Streaming API modification proposal #242

Closed
lmyslinski opened this issue Jun 10, 2019 · 9 comments
Closed

Streaming API modification proposal #242

lmyslinski opened this issue Jun 10, 2019 · 9 comments

Comments

@lmyslinski
Copy link
Contributor

lmyslinski commented Jun 10, 2019

Hi,
first of all, thanks for building this library. It's awesome. With that said, I have a number of problems with the streaming API. I'm trying to build a service that is supposed to consume tweets 24/7, and the design of the API makes it really hard to handle any issues.

Twitter describes a pretty large collection of errors and reasons for shutting down a stream. The user of the API has no reasonable way to react to that. Let's say we use the method filterStatuses. It returns a Future[TwitterStream]that returns Success as soon as the connection is established. All events are processed within a partial function. Let's say the stream receives a DisconnectMessage - the application can only respond to that by using side effects. What is more, type of the error received impacts the retry operation that should be performed. Some errors require immediate retry, others should be handled with backoff strategy. I found about all of this after seeing that my stream has been running for days but has not been receiving any new messages.

Therefore I would like to propose one of two solutions:

  • Changing the result of streaming functions to something like ([Future[TwitterStreamHandle], Future[StreamResult]]). This would allow the end user to manually close the stream, as it is right now, as well react to errors that occur in a functional manner. I would also supply an example with proper retry strategies that would keep the stream working.
  • Better yet, I believe that the retry behaviour should be integrated into the library itself. The backoff/instant retry based on error messages will require a bit of work to get right. I don't see a need for the end user to implement this on his own. In that case we could just add a simple flag parameter autoHandleStreamErrors that would enable the retry mechanism in case of any issues.

Please let me know what you think about this, I'm happy to implement either of these solutions.

@DanielaSfregola
Copy link
Owner

Hi @Humblehound! Thank you for the nice words!

Yes I totally agree with you: the Streaming API is far from perfect and we need to dedicate some proper love to it (I have other tickets related to this, I will try to link them here later on).

I'll try to think of this and come back to you by tomorrow so that we can finalize an API. Ideally we need to come up with an API that looks simple but it is flexible enough to make it configurable.

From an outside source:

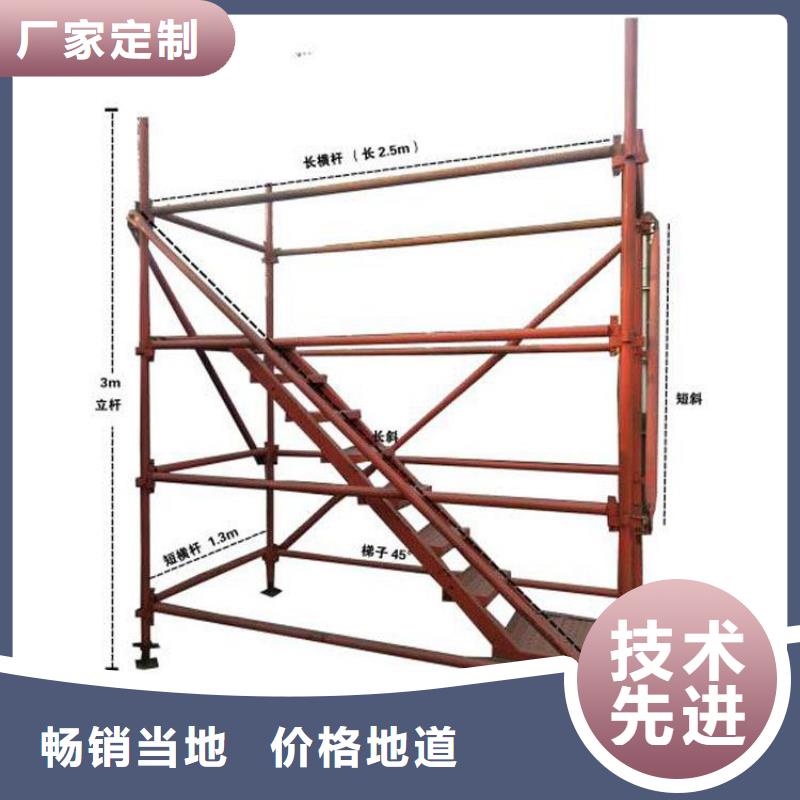 廠家熱線爬梯誠信經(jīng)營質量保證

Maybe trying to have some snippets of code on how this could look could help in making a decision?

Let's brainstorm! :D

@lmyslinski
Copy link
Contributor Author

I'd be happy to! So I've tried implementing the first approach, I don't really like it since a tuple of two futures is not a monad so you can't map over it... I think it would be best to see how this could be implemented and work up towards what the API could look like. To start - I think this fragment is crucial:

val killSwitch = KillSwitches.shared(s"twitter4s-${UUID.randomUUID}")

    val processing = Source
      .single(request)
      .via(connection)
      .flatMapConcat {
        case response if response.status.isSuccess =>
          successResponse = true
          processBody(response, killSwitch)(f, errorHandler)
          if (!successResponse) {
            Source.single(StreamResult())
          } else {
            Source.empty
          }
        case failureResponse =>
          val statusCode = failureResponse.status
          val msg = "Stream could not be opened"
          parseFailedResponse(failureResponse).map(ex => logger.error(s"$msg: $ex"))
          Source.failed(TwitterException(statusCode, s"$msg. Check the logs for more details"))
      }
      .runWith(Sink.head)
//      .map(x => (x, killSwitch))

    val switch = Future {
      val pullingTimeMillis = 250
      while (!successResponse) { Thread.sleep(pullingTimeMillis) }
      killSwitch
    }
    (switch, processing)
//    Future.firstCompletedOf(Seq(processing, switch))
}
...
case class StreamResult()

As you can see I've modified it slightly already. I've used akka-streams a couple of times, but to date I still think it's the most complex library I've used. The most needed part is extracting the failure information from the stream. Here I've used the existing flag as a placeholder for event parsing information. The complete flow could look like this:

  • On each event, before or after applying the partial function f we search for error messsages. If one is found, a StreamResult is emitted from the Stream. If no error is found, nothing is emitted (as it is currently implemented).
  • Now that we know that our stream has stopped working, we can:
    • emit a new request down the stream
    • close the stream and start a new one (possibly the first option would be better)
    • kill it and leave it up to the API user to create a new stream
    • ??

The main problem for me seems to be exposing the killswitch to the user alongside processing result. I'm wondering if we could lift the killswitch up in the hierarchy - there is no need to have it as low. We definitely need to make sure that one killswitch is always bound to one stream. We could modify the control flow - return to the user an object that contains the killswitch without the spawned stream. Then this object could have a method for running the actual stream, while the killswitch would already be available to the user. Example:

def filterStatuses(params: String): TwitterStream = new TwitterStream(params)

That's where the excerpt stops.